じわり、とバインドの左腕が紅く光を増した。
肘から先の骨が盛り上がり、軋む音を立てながら、次第に炎を纏う長剣へと姿を変えていく。
バインドへと降り掛かる雪が、その身体に届く前に溶けて消える。
「夢にまで見た。腕が疼く度に、どう切り刻んでやろうかと、そればかりを考えていた。――お前が師団にいると知った時の、俺の喜びが分かるか?」
レオアリスは無言のまま、バインドに視線を据えた。バインドの口元の笑みが、更に深く吊り上がる。

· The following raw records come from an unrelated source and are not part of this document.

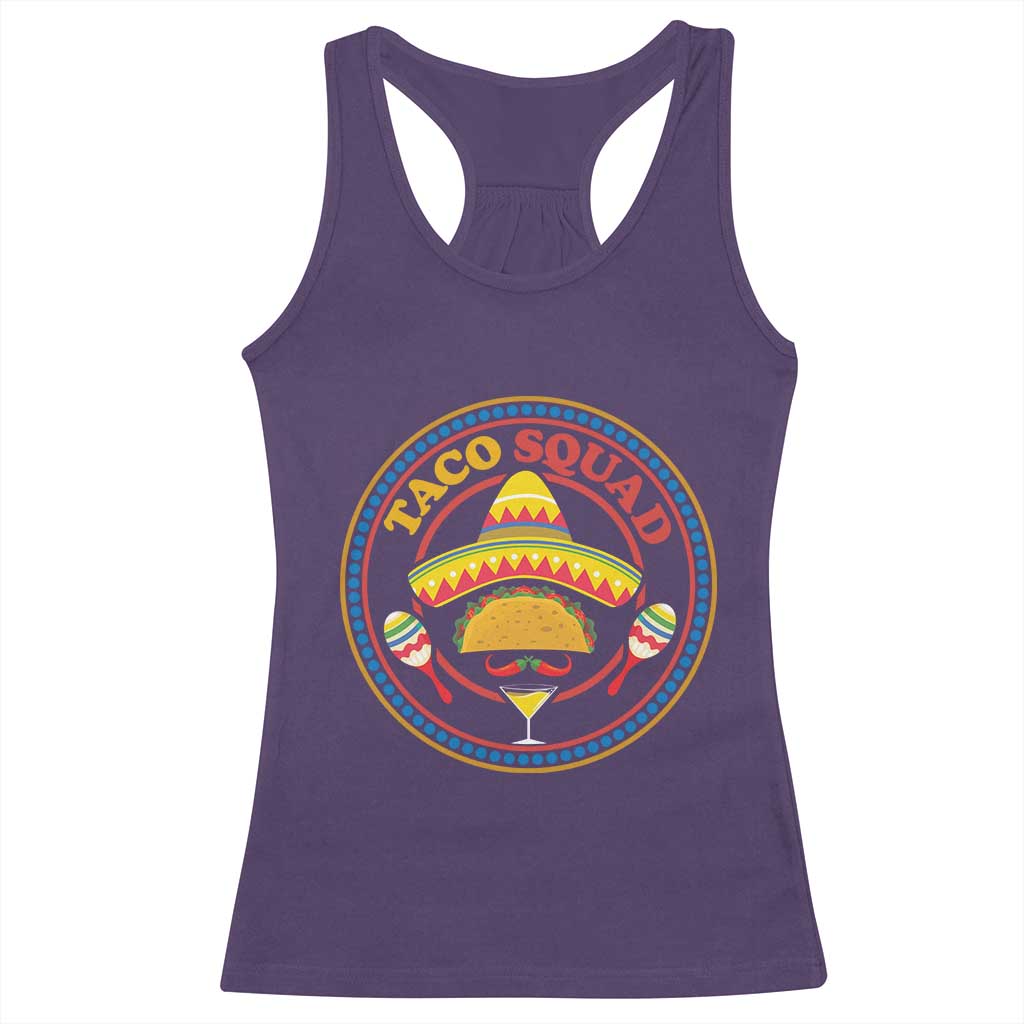 Taco Squad Racerback Tank Top Mexican Food Lovers Gift TS12 Purple Print Your Wear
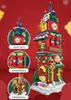 Other Toys 2023 City Creativity Winter Village Christmas Eve Count Down Tower Model Building Blocks Bricks Kids Toys Christmas Gift 231116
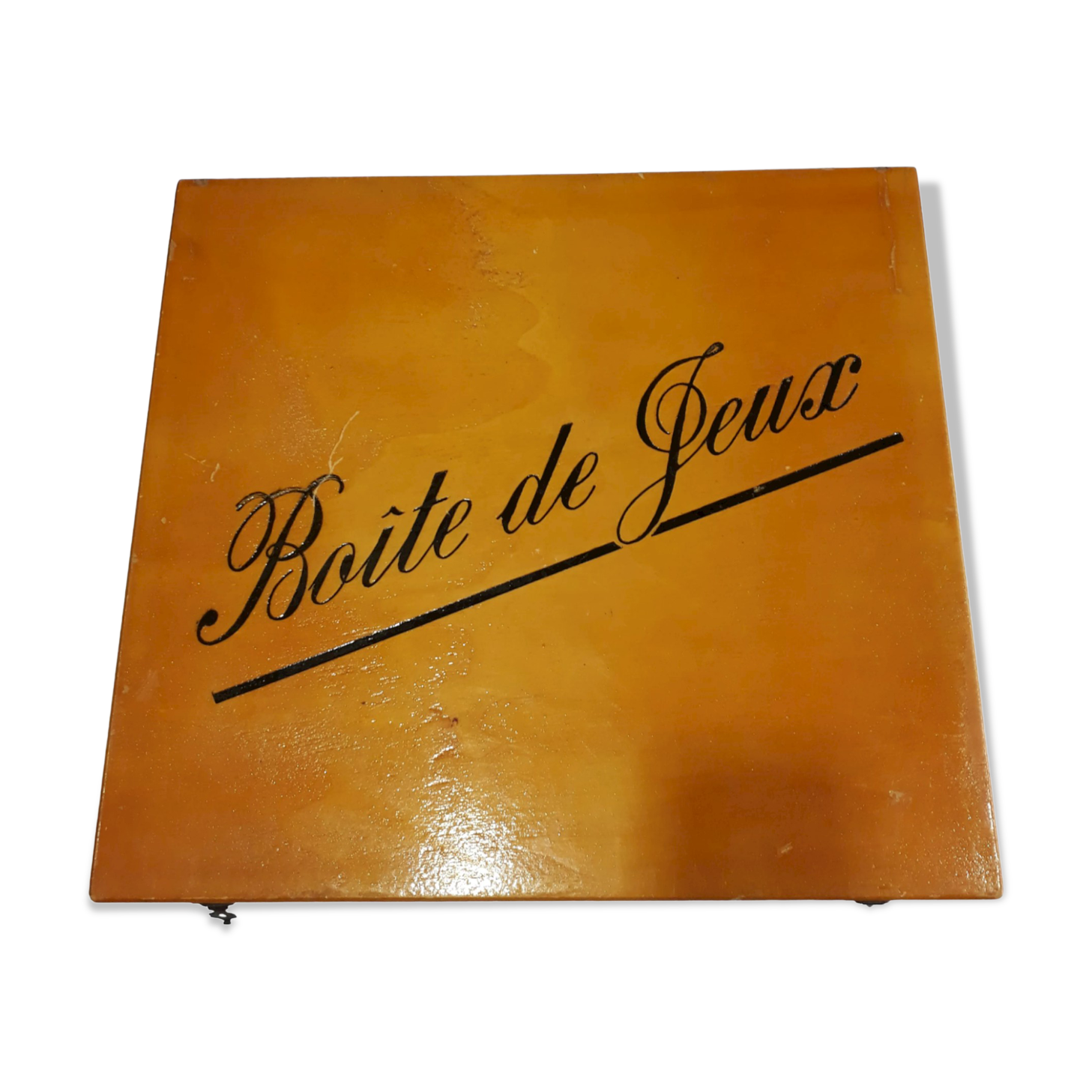 Boite de jeux en bois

「これでこの痛みを満足させてやれる。しかも、師団? 最高の舞台じゃないか、なぁ?」
剣を伝って零れた焔が、雪の上に滴った。
バインドとレオアリス、互いの剣が同時に振り抜かれる。
雪を蹴立てて走った剣風が中央でぶつかり、弾ける。轟音と共に衝撃が大地を穿ち捲り上げた。
それを合図に、二人の足が雪面を蹴る。
雷光と紅煉、対照的な二つの閃光が尾を引いてぶつかる。
鍔元を打ち合わせ、刃の向うの瞳を覗き込んだ。
ロットバルトは廃墟を望む張り出した山肌の上に飛竜を降ろした。
十分に距離を取ったその場所にまで、二人の剣士が放つ圧迫されるような波動が伝わる。
こうした離れた場所からでなければ、剣筋を眼で追い切る事すら難しい。
どちらに分があるのか、眼下に広がる戦場は、全くの互角だ。
(まだ双方とも力を抑えている状態だろう。ただ)
バインドの剣に些かの躊躇いもないのに比べ、レオアリスの剣はどこか迷うように見える。
経緯を知っているが故の杞憂に過ぎないかもしれないが、おそらくそれこそがこの戦いの最大の懸念だ。
『俺は、狂うと思うか?』
レオアリスがそれを消化出来たのかは、今朝の彼の様子からは判断が付きかねた。
ハヤテが不安そうに喉を鳴らす。それを宥める為に片手を飛竜の首に置き、ロットバルトは戦場へ視線を向けた。